Most people, per lessons taught in early history classes, believe that automobiles were created around 1900 with the first car being Henry Ford’s Model T. This fact, however, is an incorrect fact. There were a variety of cars that were created prior to the Model T, with the first gasoline-fueled car having been produced in 1885. Prior to the creation of the combustion engine that many know today, vehicles were fueled by steam power. From boats to cars, prior to 1885 steam was the fuel of choice for many manufacturers across a variety of different industries. Due to flaws in record-keeping, a few of these vehicles’ creation dates are estimated but this list will start with the earliest vehicle and work its way towards present time.
Cugnot Fardier à Vapeur
Invented by Nicolas-Joseph Cugnot, a French military engineer, the fardier à vapeur was created as a smaller model in 1969. The following year, Cugnot designed the fardier à vapeur to carry four tons in weight for a distance of 7.8 kilometers; a feat that would replicate the vehicle’s use in a military setting. Powered by steam, the vehicle initially underwent efficiency and instability issues.
Walter Hancock is the inventor that is responsible for the variety of Omnibuses that were developed between 1824 and 1836. By 1827, Hancock applied for a patent that would further improve the safety of bus passengers. During the twelve year run Hancock designed many Omnibuses that would carry passengers between numerous British cities.
Grenville Steam Carriage
The Grenville Steam Carriage is an impressive vehicle due to the fact that it is still operable today. Robert Neville Grenville begun developing the carriage in 1875 and designed it to carry seven occupants. Though the carriage was complicated to operate, it survived the turn of two centuries.
The La Marquise was developed in 1884 by De Dion-Bouton et Trepardoux. By 1887 the car was entered in the world’s first automobile race, which it won by default. In 1888, the La Marquise won its first actual race.
Nearly 12 years after developing his first gasoline-powered engine, Karl Benz created the Benz Patent-Motorwagen. This 1885 automobile was created by the founder of the company that is now known as Mercedes-Benz. Benz was given the patent for the motorwagen on January 29, 1886.
Hammelvognen was a Danish automotive manufacturer that closed their doors in 1888. They produced their first car in 1886, producing it with a braking system and a reverse gear, which was rare for the time. Their original creation now resides within a Danish museum.
Developed by two automotive pioneers, Gottlieb Daimler and Wilhelm Maybach, the Stahlradwagen was an 1889 one-cylinder creation. The water-cooled vehicle would later be utilized by Peugeot for inspiration.

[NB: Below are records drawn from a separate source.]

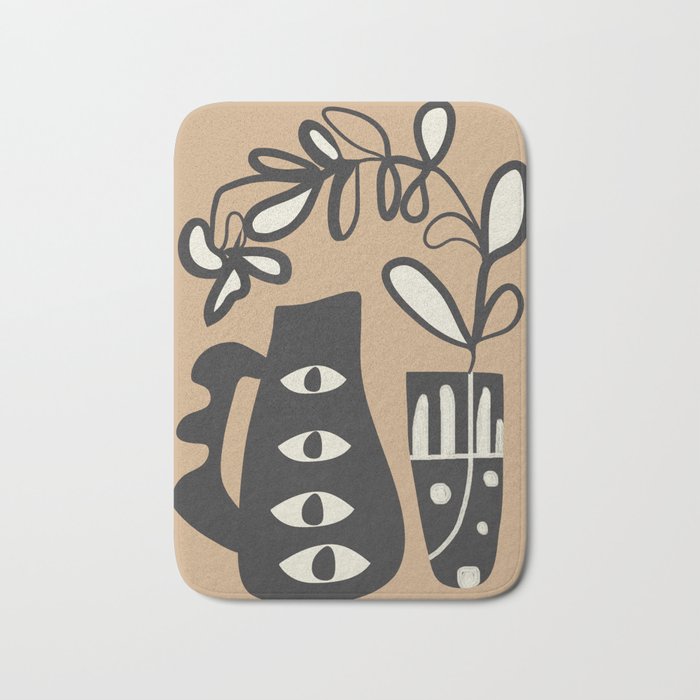Surreal Flora 1 Bath Mat Gallery Image 1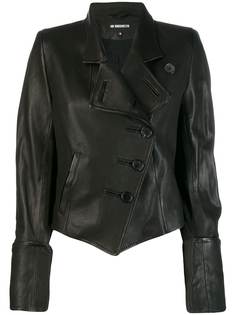 Ann Demeulemeester куртка асимметричного кроя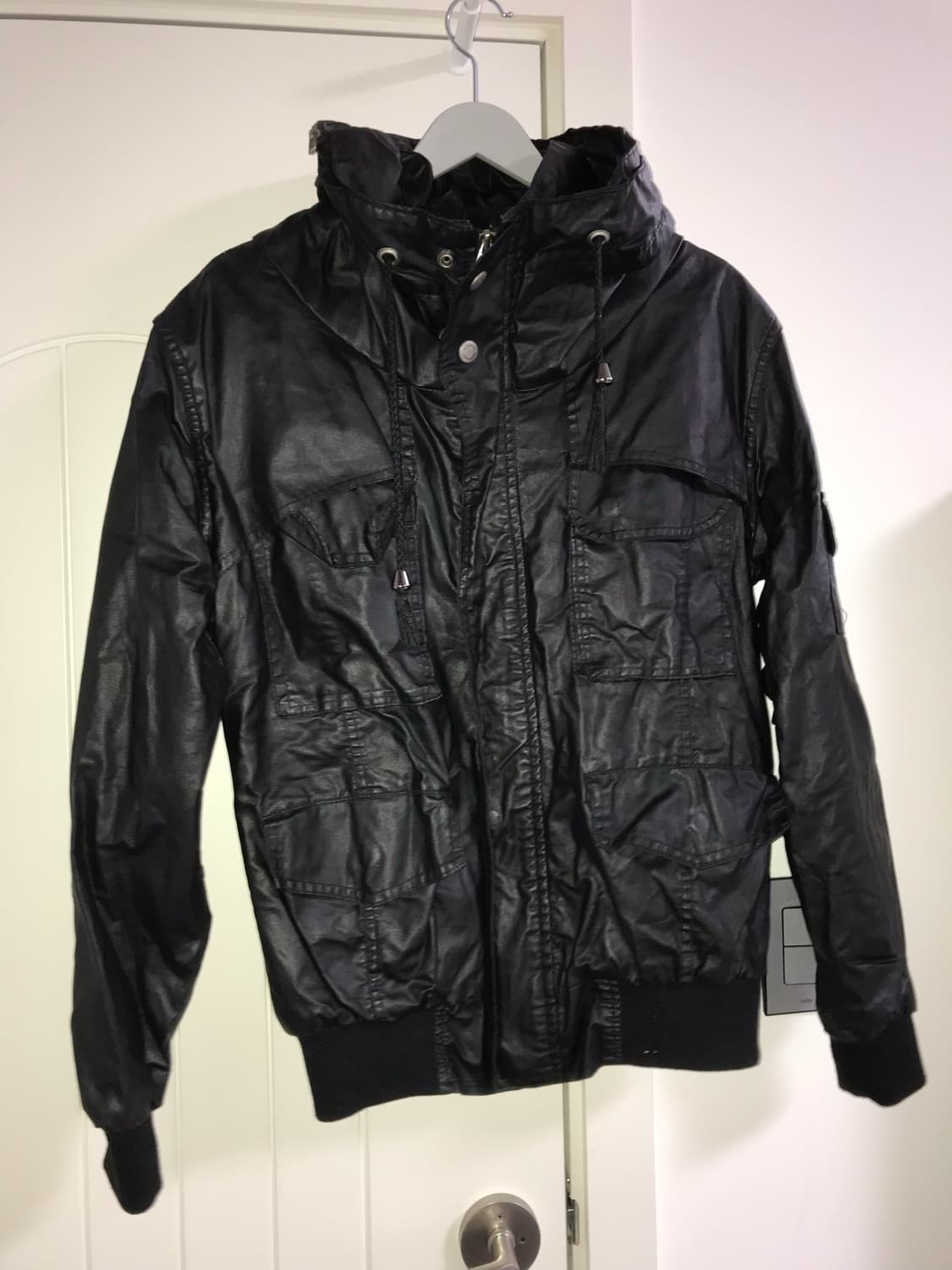 빈티지 레더 필드자켓 상품이미지3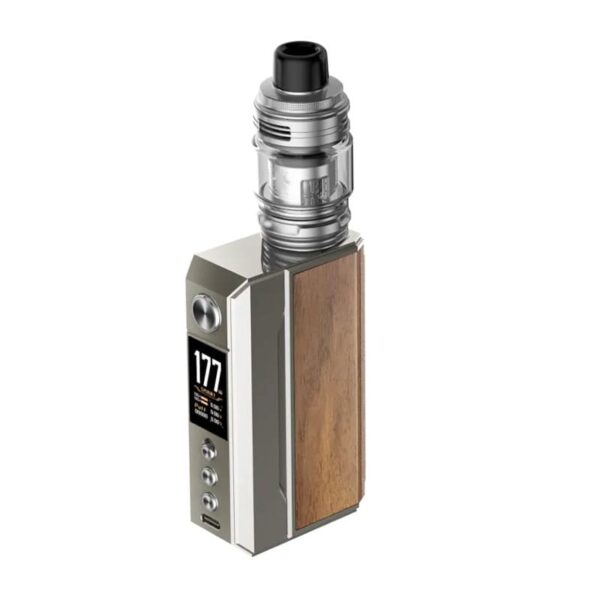 Voopoo Drag 4 Kit - Pale Gold + Walnut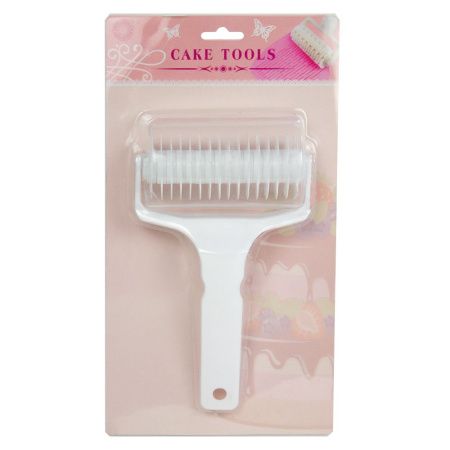 Ролик-резак для теста 12.5x(d)20 см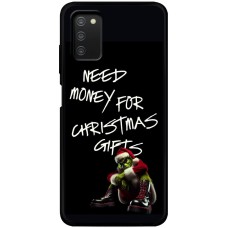 Чохол для Samsung Galaxy A03s (A037) MixCase Новий рік need money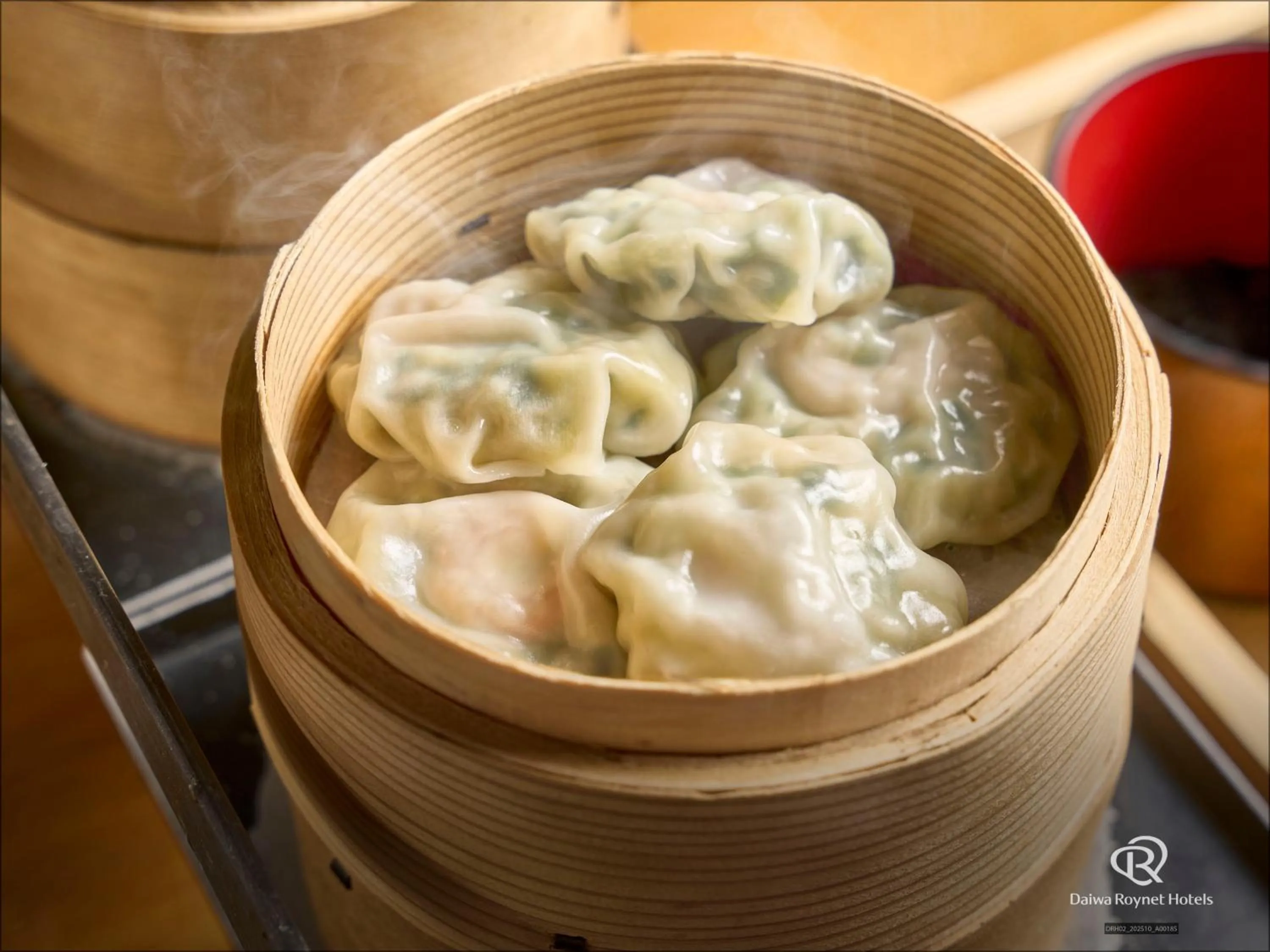 Buffet breakfast in Daiwa Roynet Utsunomiya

De Dion-Bouton Quadricycle
A successor to the La Marquise, the De Dion-Bouton quadricycle begun production in 1891. Though not all De Dion-Bouton quadricycles had hoods, the few that did were not salvaged throughout the course of time.
Created by two brothers, Charles Duryea and Frank Duryea, the car was built within the United States. The brothers first tested their creation in Massachusetts in 1893.
The Balzer was developed in 1894 by Stephen Balzer, an inventor from New York. Balzer chose to power his car using a three-cylinder combustion engine.